Data analytics can be undertaken in a dynamic environment where what you are analysing changes rapidly, as your thoughts on a particular topic may change. It will be difficult in such cases to be transparent as to exactly for what purpose data mining is being undertaken. In order to create a lawful basis for using personal data, where the data is received direct from the data subject (e.g. a person’s own website) the General Data Protection Regulation Art.13 requires that the person or organisation using the data informs the person of a number of different sets of information. Analysing large numbers of websites at scale to establish whose website the data has been obtained clearly makes this impossible, and yet no such exemption is provided for in the GDPR.
Data protection law requires that data collected for one purpose is not used for any non-compatible purposes, although there are exemptions for this if undertaking scientific, historical or statistical research. How to think about this as a company web mining hundreds of thousands of web pages, created for numerous different purposes unknown to the company, is perhaps another example where European law does not reflect the realities of mining the internet.
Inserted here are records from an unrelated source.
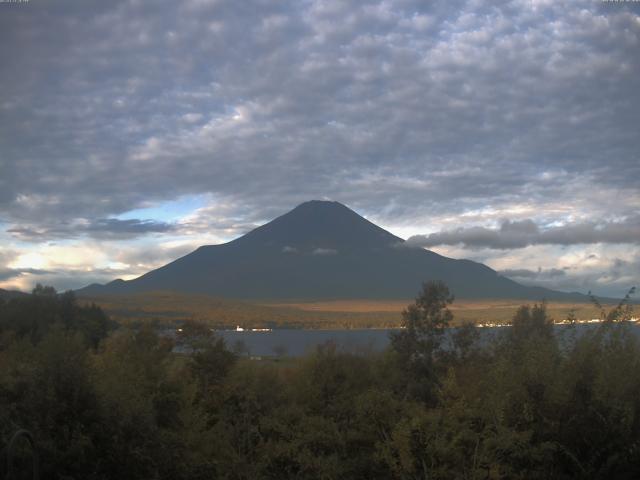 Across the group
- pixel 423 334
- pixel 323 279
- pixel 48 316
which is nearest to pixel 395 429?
pixel 423 334

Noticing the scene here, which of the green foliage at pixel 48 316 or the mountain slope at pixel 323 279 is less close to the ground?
the mountain slope at pixel 323 279

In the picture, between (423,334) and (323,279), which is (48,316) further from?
(323,279)

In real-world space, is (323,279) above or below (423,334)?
above

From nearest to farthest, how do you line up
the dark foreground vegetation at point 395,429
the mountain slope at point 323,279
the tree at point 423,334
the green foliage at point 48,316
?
the dark foreground vegetation at point 395,429 < the tree at point 423,334 < the green foliage at point 48,316 < the mountain slope at point 323,279

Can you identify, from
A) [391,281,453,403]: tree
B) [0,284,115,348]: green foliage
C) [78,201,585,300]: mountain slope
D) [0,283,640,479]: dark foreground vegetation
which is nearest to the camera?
[0,283,640,479]: dark foreground vegetation

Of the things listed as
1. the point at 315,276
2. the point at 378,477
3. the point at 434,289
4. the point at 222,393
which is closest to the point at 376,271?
the point at 315,276

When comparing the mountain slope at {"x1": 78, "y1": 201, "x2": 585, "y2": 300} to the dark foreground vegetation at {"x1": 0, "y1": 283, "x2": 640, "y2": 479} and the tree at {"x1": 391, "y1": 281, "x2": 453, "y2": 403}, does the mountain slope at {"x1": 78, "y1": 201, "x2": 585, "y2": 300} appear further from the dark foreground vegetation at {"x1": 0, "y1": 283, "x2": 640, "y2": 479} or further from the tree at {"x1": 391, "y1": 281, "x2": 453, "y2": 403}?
the dark foreground vegetation at {"x1": 0, "y1": 283, "x2": 640, "y2": 479}

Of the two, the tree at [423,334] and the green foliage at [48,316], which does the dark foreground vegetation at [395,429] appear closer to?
the tree at [423,334]

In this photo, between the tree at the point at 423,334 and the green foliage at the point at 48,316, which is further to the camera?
the green foliage at the point at 48,316

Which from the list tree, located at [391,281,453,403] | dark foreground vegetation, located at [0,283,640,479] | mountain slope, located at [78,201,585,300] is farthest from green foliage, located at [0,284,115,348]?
mountain slope, located at [78,201,585,300]

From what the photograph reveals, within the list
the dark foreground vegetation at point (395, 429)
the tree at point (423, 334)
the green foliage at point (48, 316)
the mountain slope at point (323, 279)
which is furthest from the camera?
the mountain slope at point (323, 279)

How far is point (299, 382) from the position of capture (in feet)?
65.0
Another set of obligations on organisations using personal data is to ensure that no more data than is required is used, and that it is kept accurate and up to date. The point of Big Data is that the data employed is rich and varied, and in the case of web mining the use of personal data may or may not be pertinent to the analytics being undertaken. Being forced to minimise personal data feels in certain instances where the focus is not particularly oriented to individuals to be antithetical to Big Data itself. As an “independent” bystander analysing material from the open web, an organisation is similarly not in a position to make a judgement as to whether the data is accurate or up-to-date. Applying data protection principles to web mining, throws up a myriad of issues sometimes creating the impression that the law is trying to place a square peg in a round hole.
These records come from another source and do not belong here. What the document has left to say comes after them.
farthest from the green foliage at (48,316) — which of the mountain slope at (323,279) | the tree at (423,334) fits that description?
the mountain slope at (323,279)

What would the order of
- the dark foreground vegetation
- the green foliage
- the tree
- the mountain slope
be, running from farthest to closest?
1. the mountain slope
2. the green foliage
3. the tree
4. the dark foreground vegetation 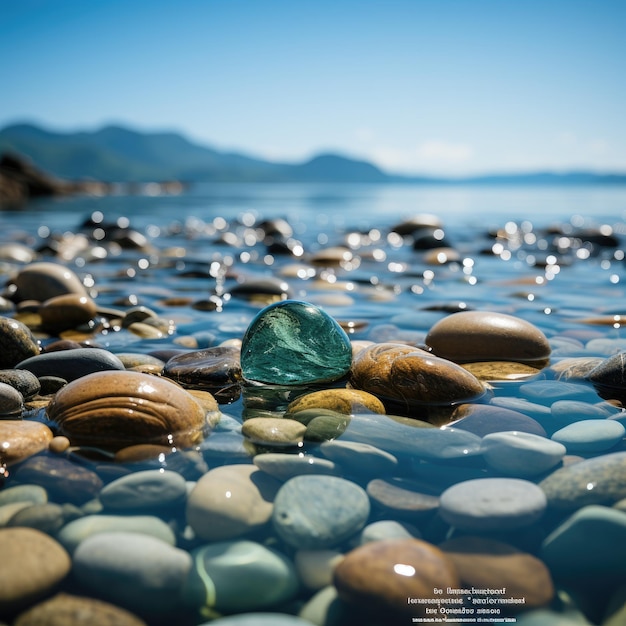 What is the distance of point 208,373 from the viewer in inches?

This article in no way does justice to the large amount of work the Future TDM project undertook over a period of 2 years. In the final assessment meeting in Brussels the reviewer stated that the work we had undertaken was arguably the single biggest study ever taken on data analytics. Certainly we met many interesting people at the forefront of technical innovation, and discovered many interesting things along the way. If you are at all interested in any of the issues raised by this article I would encourage you to explore the project website further https://www.futuretdm.eu/
Please also find practitioner guidelines on legal, licensing, data management and the TDM issues faced by universities here (5.3) : https://www.futuretdm.eu/knowledge-library/
[1] https://ec.europa.eu/digital-single-market/en/big-data
[2] Future TDM project partners were the Foundation Project Poland, Ligue des Bibliothèques Européennes des Recherches, Ubiquity Press, Athena Research and Innovation Centre, Open Knowledge Foundation, SYNYO gmbh, University of Amsterdam, British Library and Radboud University.
[3] https://www.legislation.gov.uk/ukpga/1988/48/section/29A
[4] Loi N° 2016-1321 du 7 Octobre 2016 pour une République numérique. Art.38.